• **Directions**:
Write out exactly, excluding pictures, the lines from the one containing "今日最新疫情实时消息 上海社" through the end of the data, both included.

• **Recorded data**:
# # #
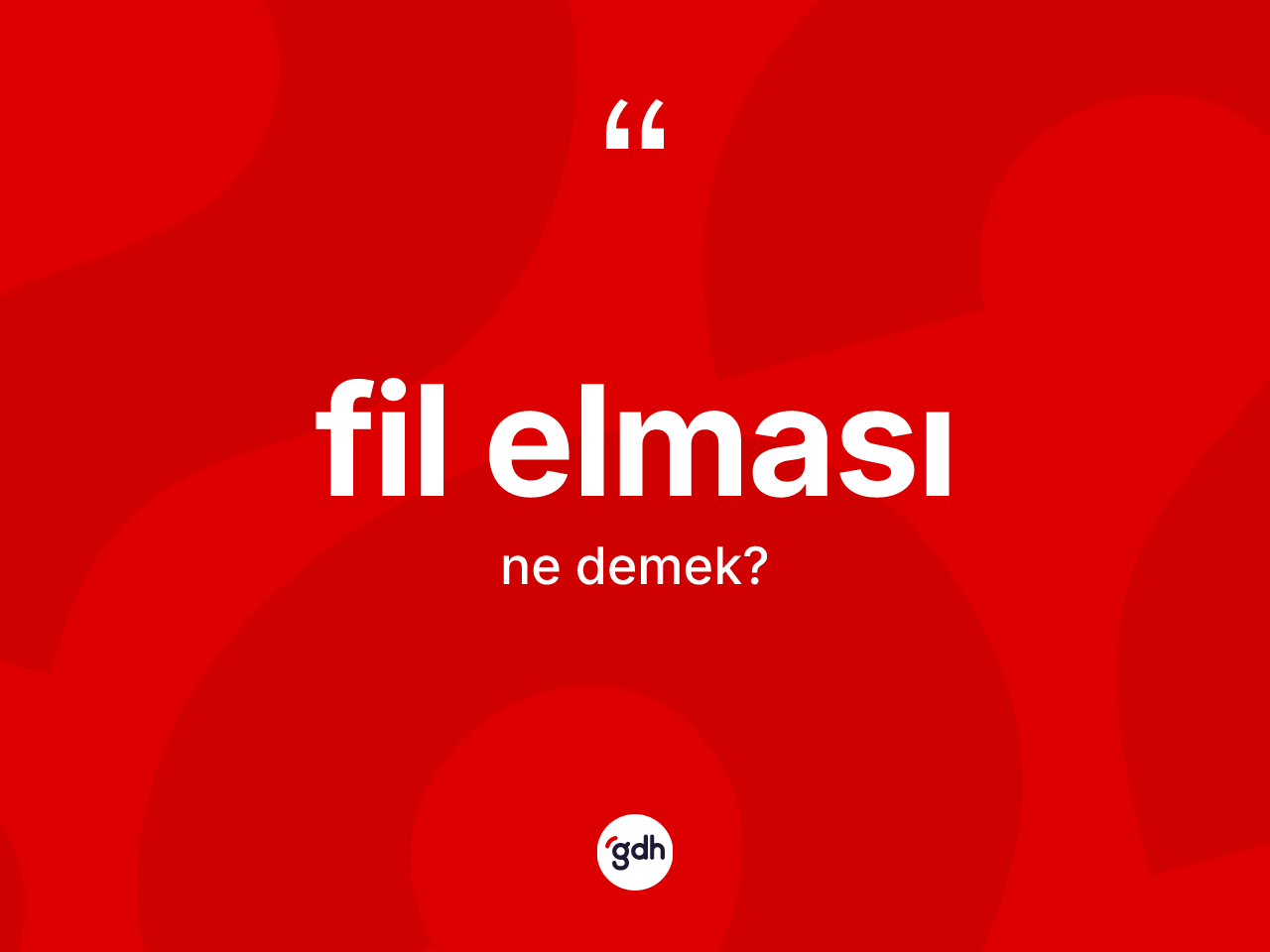Fil elması ne demek? Fil elması kelimesinin TDK anlamı nedir?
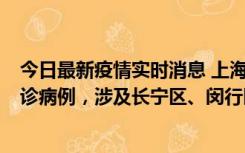 今日最新疫情实时消息 上海社会面新增2例新冠肺炎本土确诊病例，涉及长宁区、闵行区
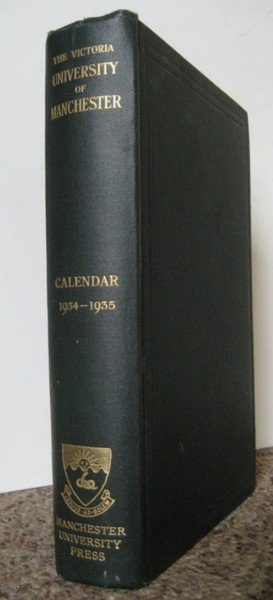 The Victoria University of Manchester Calendar 1934-1935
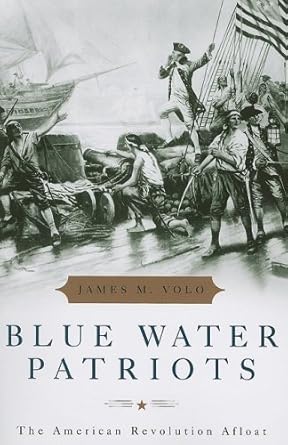 blue water patriots the american revolution afloat 1st edition james m volo 0742561208, 978-0742561205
# # #
• **Answer area**:
 今日最新疫情实时消息 上海社会面新增2例新冠肺炎本土确诊病例，涉及长宁区、闵行区
 The Victoria University of Manchester Calendar 1934-1935
 blue water patriots the american revolution afloat 1st edition james m volo 0742561208, 978-0742561205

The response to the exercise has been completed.